With these methods, you can translate all the steps in your puzzle input into LCFs, then compose them successively ($f_1\ ; f_2\ ; f_3\ ;...$) into a single LCF. Let's call it $F$. Recall that we've stored it as a tuple $(a, b)$ representing the equation $F(x) = ax + b\ \text{ mod } m$.

$F$ now represents a single shuffle as directed by your input. You can test your implementation by re-solving part 1 with it. (note that you have to re-compose it with a different modulus for each part.)

However, we require over a hundred trillion shuffles (we'll call this number $k$), so we can't just compose $F$ into itself naively. There are two approaches to solving this problem:

Method 1:

Compose $F$ into itself $k$ times algebraically. Do a few rounds by hand on paper and you'll notice a pattern emerge:

$F^k(x) = a^k x + (a^{k-1} + a^{k-2} + ... + a^1 + 1) b\ \text{ mod } m$. The more-formal notation would be $\displaystyle F^k(x) = a^k x + \sum_{i=0}^{k-1} ba^i\ \text{ mod } m$.

The summation forms a geometric series. According to that Wikipedia page, we can thus transform the expression to: $\displaystyle F^k(x) = a^k x + \frac{ b(1 - a^k) } { 1 - a } \ \text{ mod } m$

Exponentiation by squaring is required to perform the exponentiations, and modular multiplicative inverse to perform the division.

Method 2:

Notice that composing LCFs are associative, i.e. $(f\ ; g)\ ; h = f\ ; (g\ ; h)$. The proof can be done by working out the algebra, and is thus left as an exercise.

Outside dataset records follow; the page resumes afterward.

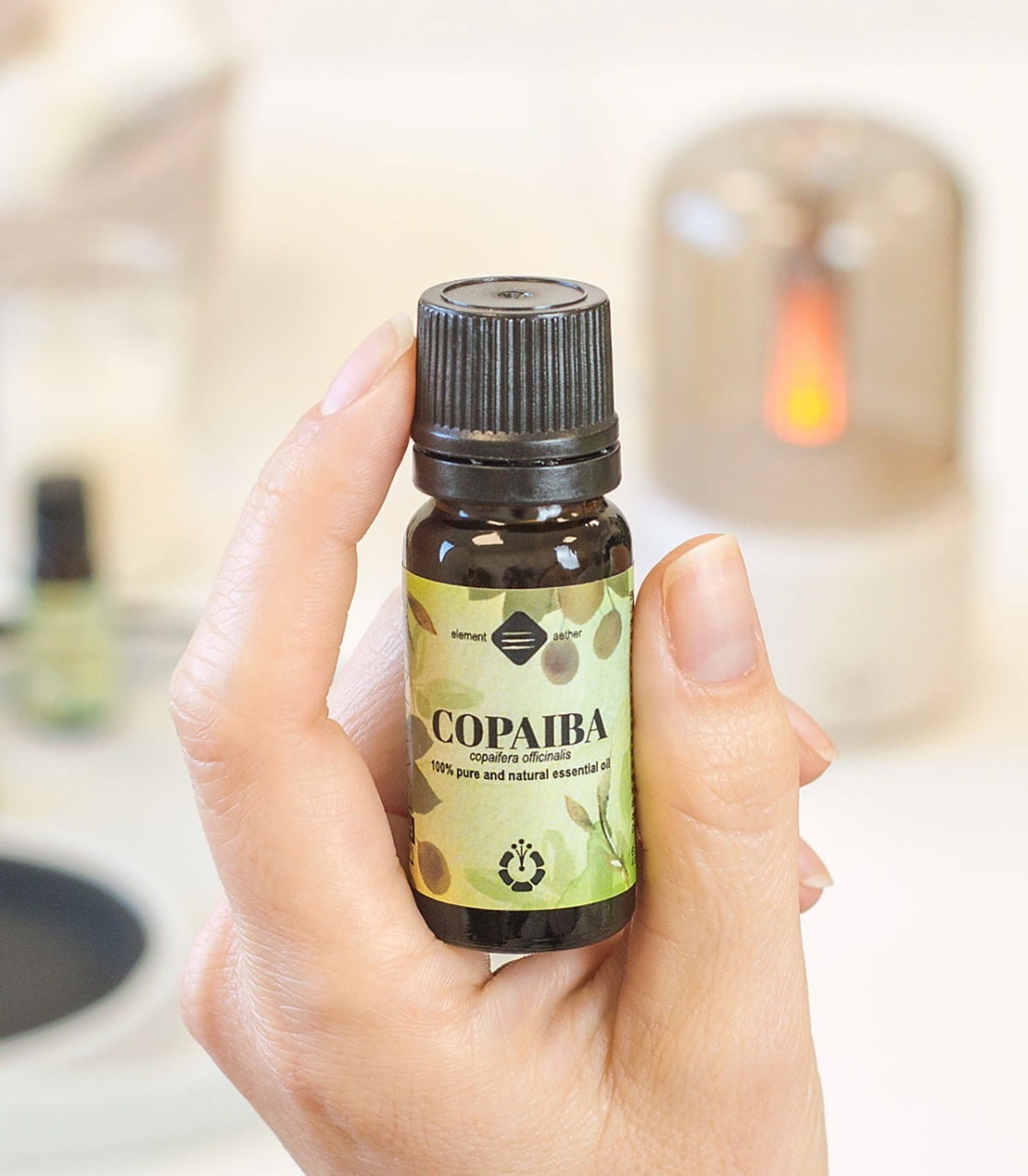 Ellemental, Ulei esențial de Copaiba, 10 ml - 2 | YEO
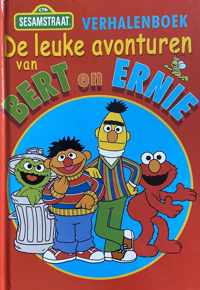 De leuke avonturen van Bert en Ernie, verhalenboek. Sesamstraat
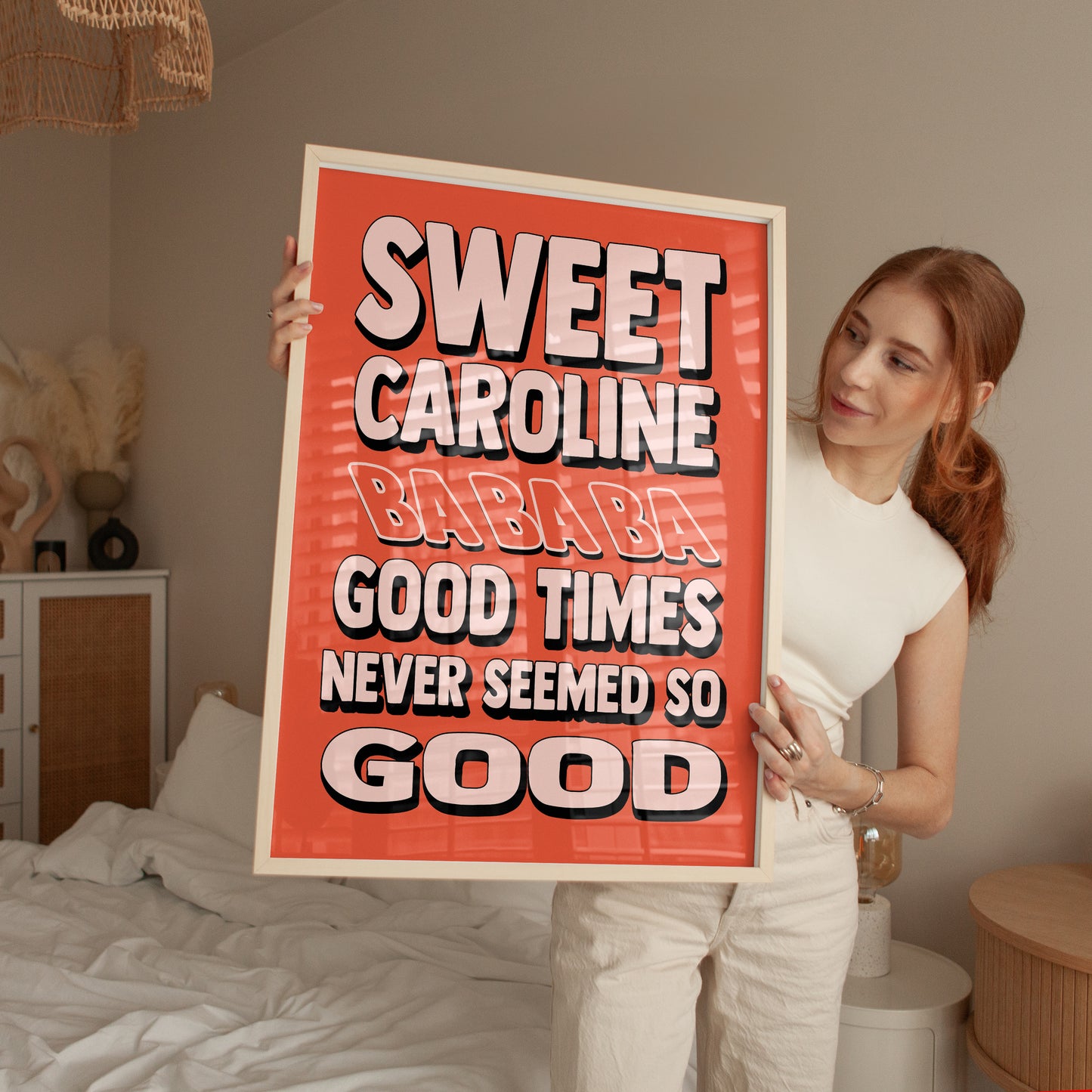 Sweet Caroline Print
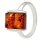 Ring Bernstein Amber Silber 925 (Nr16272)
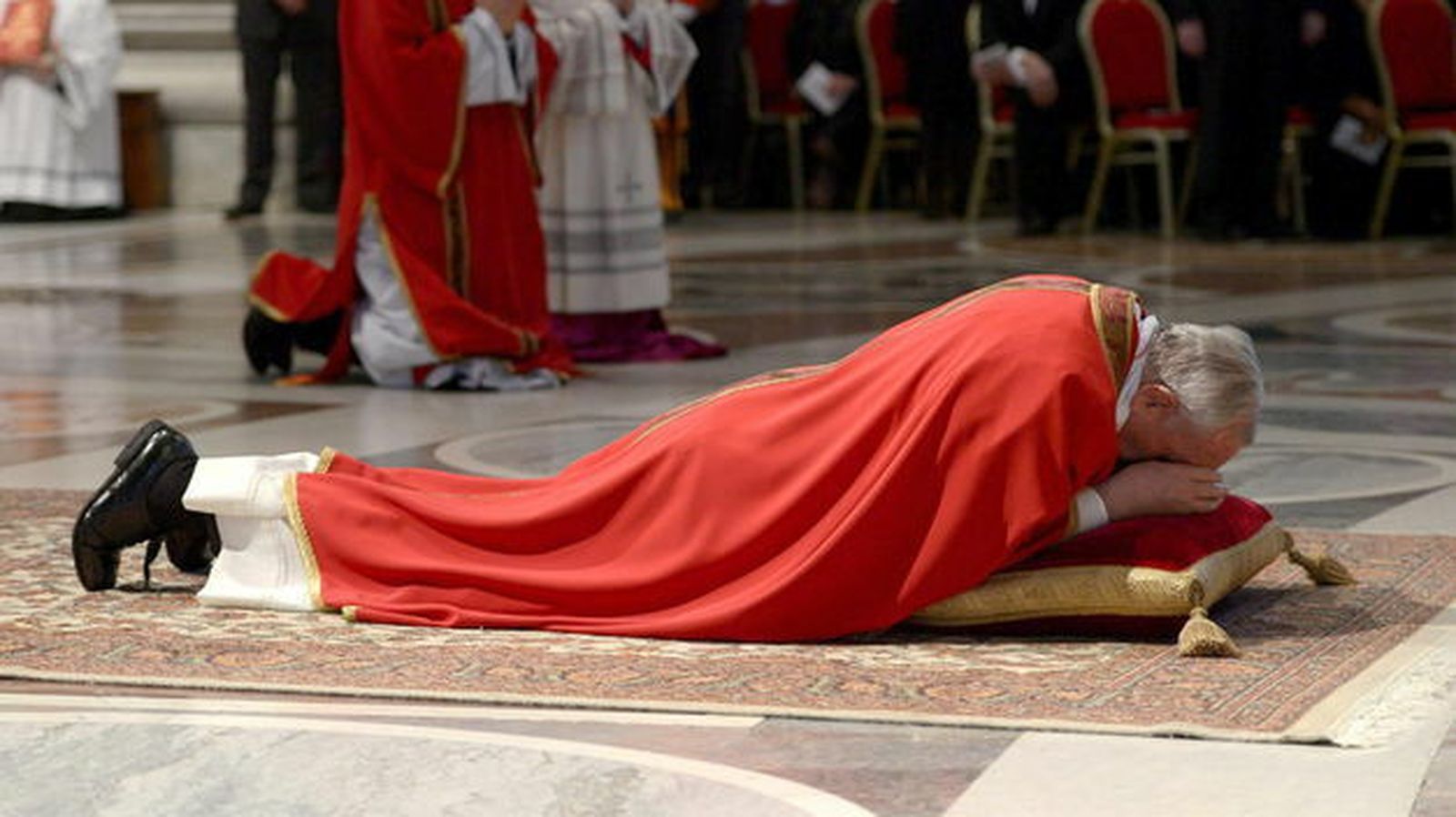 Francisco, el pasado Viernes Santo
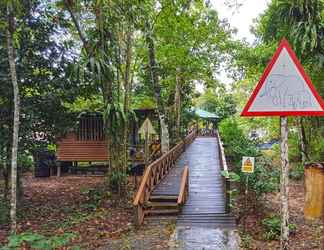 Exterior 2 Borneo Nature Lodge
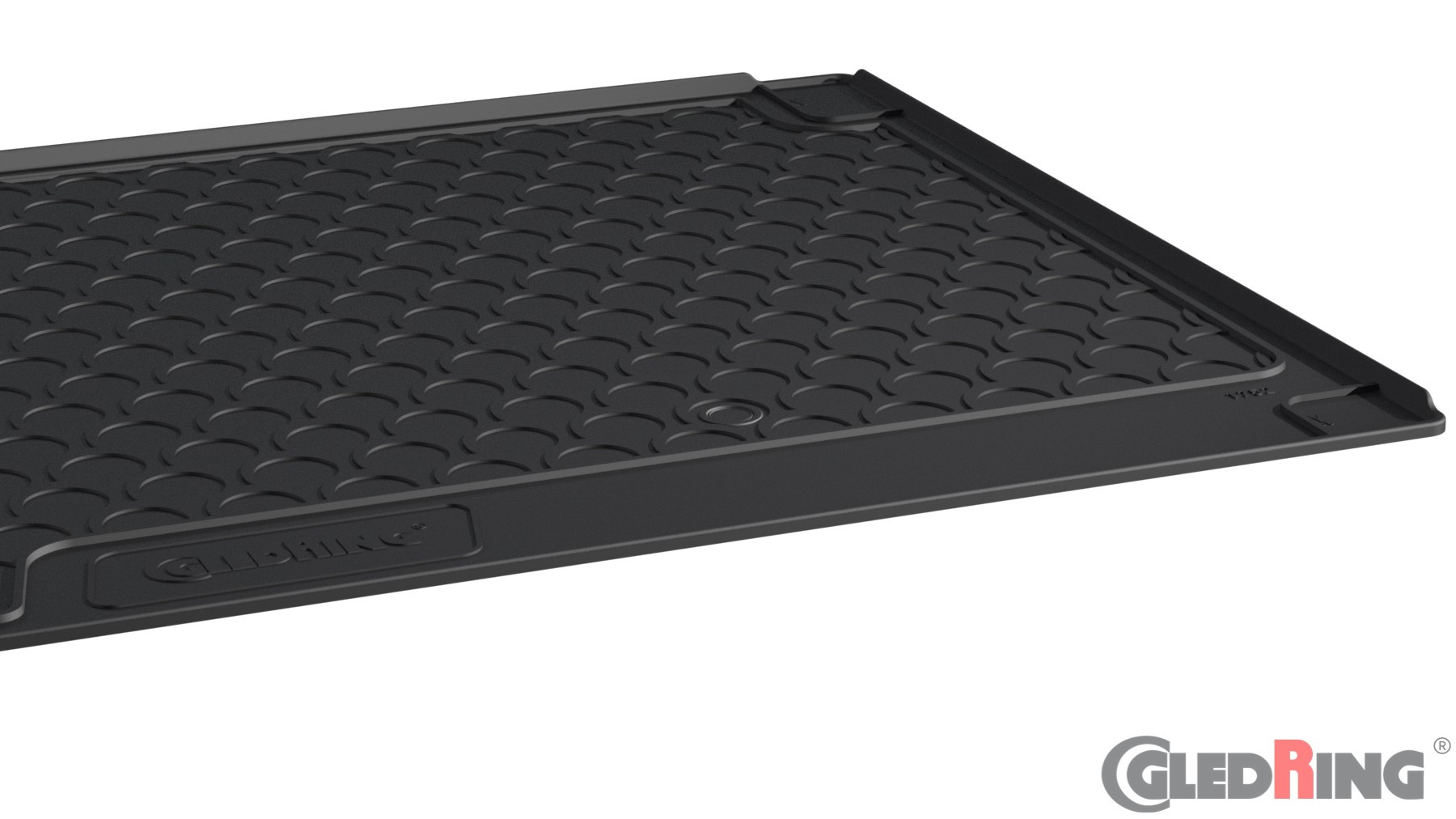 Original Gledring Premium Gummi Kofferraummatte - CITROEN Berlingo II 2008-08.2018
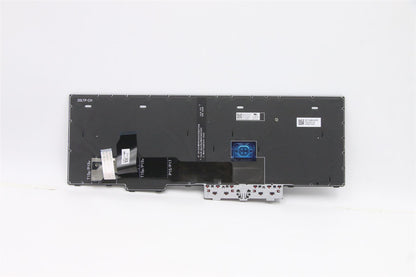 Lenovo ThinkPad P15v 3 T15p 3 Keyboard Belgian Black Backlit 5N20X22886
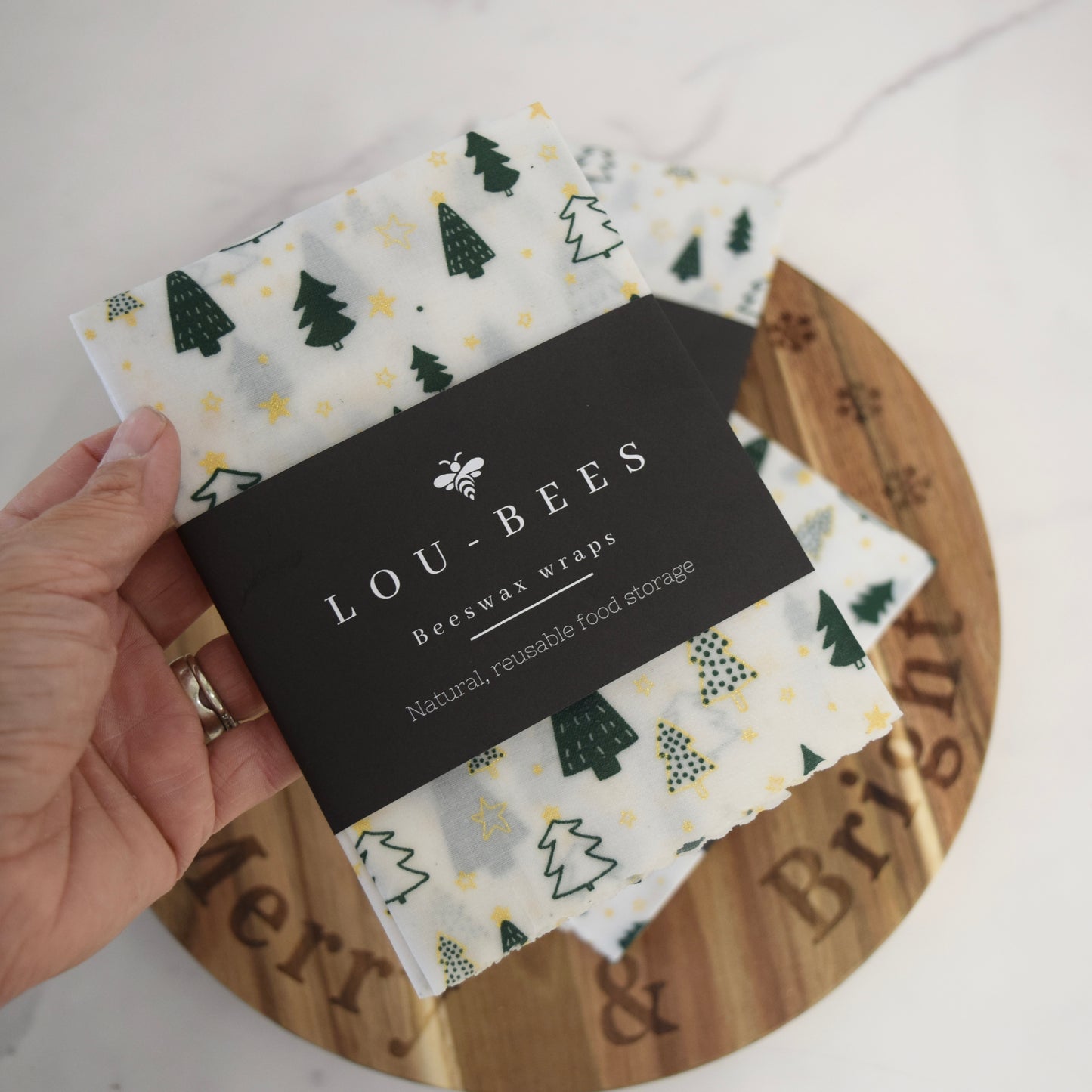 Christmas Tree Single Wrap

The "exponentiation by squaring" method works on all associative operations, so it can be adapted to the compose operation as well. We can thus obtain $F^k$, $F$ composed into itself $k$ times.

For example, we could adapt the pseudocode for exponentiation by squaring (from Modular Arithmetic for Beginners) like this:

function pow_compose(f: lcf, k: int64) → lcf:
g := lcf(1, 0)
while k > 0:
if k is odd:
g := compose(g, f)
k := ⌊k/2⌋
f := compose(f, f)
return g


Notice how multiplication is replaced with the compose function we used to compose the steps in the input, and the initial multiplicative identity of 1 is replaced with the "identity LCF" $f(x) = x \text{ mod } m$, i.e. $(1, 0)$

Continued:

Now for the last step. Notice that we're not asked for where card $x$ ends up, but rather what card is in position $x$. To do that, we need to invert the function $F^k$. Let $F^k(x) = Ax + B\ \text{ mod } m$.

We invert it by substitution: $x = A \cdot F^{-k}(x) + B\ \text{ mod } m$, therefore $F^{-k}(x) = \dfrac {x - B} A\ \text{ mod } m$. Again this requires an application of modular multiplicative inverse.

Plug in $2020$ for $x$, and we should finally get our solution. Whew.